I strove to be very brave, but, nevertheless, I could have chosen that my visit with this friend, should have been otherwise.

I was never as happy with "Hal" in her home, as with her in mine. With me, at Glenelvan, we had so many congenial occupations, varied amusements,-my own especial duties, in which she, too, took great interest-walks amid fallen leaves, or springing flowers-along the travel-worn highway, or by the side of the stilly-flowing water.

With me, she was dear, gentle, praised, petted, and petulant "Hal." But with her, in her house! she was Mrs. Bovie-with all her cares and duties, and something beside, which I could not well define. I was never kindly disposed toward mysteries !!

CHAPTER XVI.

PUNCTUALLY then, on the appointed day, at half-past four, I ascended the stone steps of No. 45th street, and rang the bell.

A nut-brown maid slowly responded to my call by opening the door, and to my question, with—

"Yes, ma-am, Mrs. Bovie is at home-please to walk in.” I was but just seated on the sofa when "Hal" came in. She greeted me as she sank down by my side, and said—

"Oh! I have been so disappointed in not being able to spend these lovely autumn days with you in the country. All the dear people I have ever spoken to, have been, or are visiting at our house. I have been very sick, and when convalescent, I had not a moment I could call my own; and I am so tired-tired to death !"

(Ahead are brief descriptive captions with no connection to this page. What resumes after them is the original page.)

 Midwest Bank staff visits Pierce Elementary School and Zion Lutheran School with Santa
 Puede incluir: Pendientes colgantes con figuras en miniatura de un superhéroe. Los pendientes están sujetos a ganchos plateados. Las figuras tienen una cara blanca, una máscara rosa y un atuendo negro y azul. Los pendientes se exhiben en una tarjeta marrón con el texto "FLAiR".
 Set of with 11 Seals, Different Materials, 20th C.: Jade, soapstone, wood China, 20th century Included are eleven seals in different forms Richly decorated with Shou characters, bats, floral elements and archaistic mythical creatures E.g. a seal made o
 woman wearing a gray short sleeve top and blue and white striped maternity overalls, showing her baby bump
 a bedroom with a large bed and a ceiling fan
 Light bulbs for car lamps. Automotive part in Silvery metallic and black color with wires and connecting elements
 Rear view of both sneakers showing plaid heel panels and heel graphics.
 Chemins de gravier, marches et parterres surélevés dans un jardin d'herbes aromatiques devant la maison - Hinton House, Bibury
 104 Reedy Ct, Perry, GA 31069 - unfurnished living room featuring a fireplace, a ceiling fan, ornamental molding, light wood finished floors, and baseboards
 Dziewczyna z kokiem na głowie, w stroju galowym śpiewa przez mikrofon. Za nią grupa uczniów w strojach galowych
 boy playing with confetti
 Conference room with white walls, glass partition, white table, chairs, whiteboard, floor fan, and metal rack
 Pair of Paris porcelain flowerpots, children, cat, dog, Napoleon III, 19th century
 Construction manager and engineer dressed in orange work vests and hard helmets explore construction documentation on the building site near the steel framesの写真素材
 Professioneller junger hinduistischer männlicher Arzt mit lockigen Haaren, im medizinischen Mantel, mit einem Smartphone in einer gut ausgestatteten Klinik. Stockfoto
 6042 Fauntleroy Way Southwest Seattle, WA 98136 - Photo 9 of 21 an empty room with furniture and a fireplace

The tears had been standing in her mellow brown eyes, and now suffused her thin and waxen cheeks. So taking her pale forehead between my hands, I said—

"Now, 'Hal,' my dear, this will never do. Your poor little head is aching already; the blood around your temples at boiling heat. I have come to stay a long time; we'll talk over our troubles more at our leisure, and to our hearts' content."

"But these fourteenth cousins, Minnie, I have six of them here now. They will bore you to death, and I shall not see you a minute; and my girl is a mere clod, for Bridget has sprained her ankle, and is gone to her sister's."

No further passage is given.